Mom also loved getting me tacky gag gifts and I did the same in return, both of us always trying to top each other.
She had asked the doctor if she would live to see Christmas and he told her flatly, “no.” She turned to me after he left the room and told me not to pay his bill.
That’s the way we were. We liked to laugh, no matter how bad the adversities we were facing.
I can’t imagine what that must have been like for her, knowing that she would never see another Christmas; that the calendar was working against her. And so that was how we coped with it, with humor.
Shortly after she found out that her time was running out she asked me to stick by her, that maybe together we could make sure she lasted three more months until Christmas.
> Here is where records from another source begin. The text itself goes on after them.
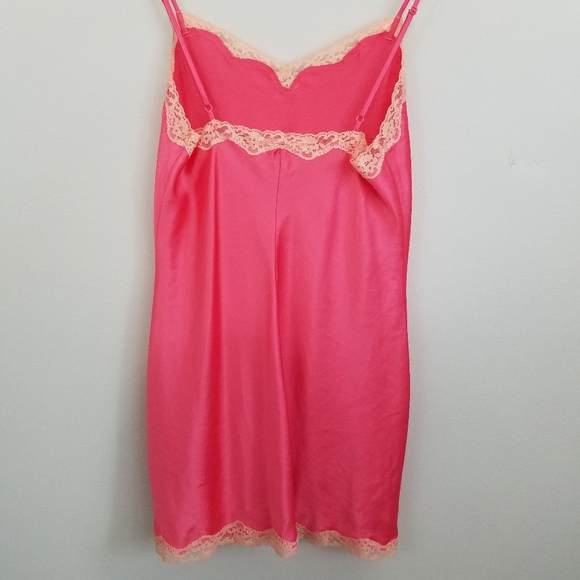 Victoria's Secret Peachy-Pink Satin & Lace Slip - Picture 7 of 7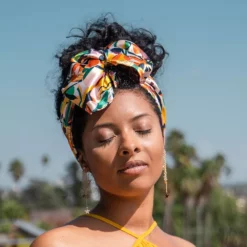 Glow By Daye Charmeuse Satin Hair Scarf -Gearwest shop 5895303 ALT3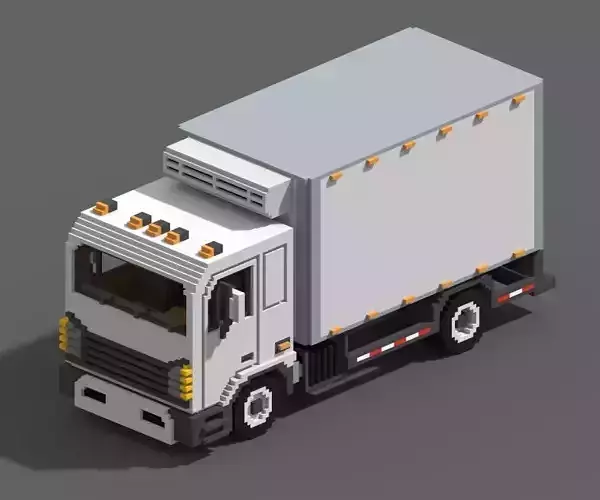 Voxel Refrigerator Truck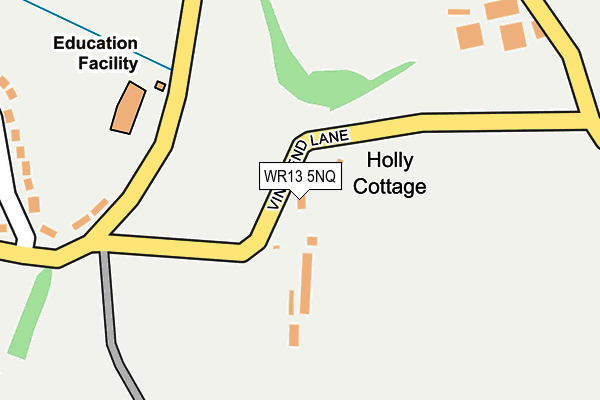 WR13 5NQ map - OS OpenMap – Local (Ordnance Survey)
At the same time, she was also really ticked off because she loved Don Johnson, and he had a new television show coming on called “Blood & Oil” and she desperately wanted to see it.
But she knew that she’d never see how it turned out. “Will you watch it for me?” she asked me.
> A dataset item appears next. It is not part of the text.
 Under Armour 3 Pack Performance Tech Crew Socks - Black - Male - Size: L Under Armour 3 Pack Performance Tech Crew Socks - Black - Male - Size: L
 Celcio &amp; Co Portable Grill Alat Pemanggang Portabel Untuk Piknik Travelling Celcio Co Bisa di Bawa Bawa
How could I say no? I promised her that I would watch every episode, every year, for as long as it was on.
As far as deathbed promises go, promising to watch Don Johnson was easy.
But helping her make it all the way to Christmas was something different. I told her to stay strong and I'd try my best to help her, but she was fading rapidly, day by day.
So the next day my wife Josephine and I went Christmas shopping. We brought wrapping paper from home (mom had a closet perpetually full of paper and bows) and wrapped her gifts in the parking lot.
Her face lit up when we walked into her room, our arms full of Christmas presents. There was plenty of hugging and kissing and crying.
She burst out laughing when she unwrapped the 2016 Calendar I’d gotten her. I’m so glad we shared a wicked sense of humor.
I brought my laptop and played the Yule Log, and we sat around listening to Christmas music, savoring every single minute.
And so, I kept my promise. She made it to Christmas, which we celebrated that year on September 8. Mom passed away just 17 days later on September 25.
Don Johnson’s show didn’t fare much better, lasting just ten dreadful episodes before expiring in January of the next year. I kept that promise as well, and watched every one of those awful episodes.
I’m glad we took the time to celebrate that day, because even though Christmas is officially on December 25, you can celebrate it any day you want.
We don’t have to wait until Christmas to be kind to each other. We don’t have to wait until Christmas to be charitable.
In that regard, every day is Christmas and we can celebrate its spirit throughout the year. Christmas Day is just that big old reminder that we all need on occasion.
As this will be my last column published this year, I’d like to finish off by wishing all of you a Happy New Year and a happy, healthy 2019. May it be a year of peace for us all, one filled with less tension and conflict than the one we’re putting behind us.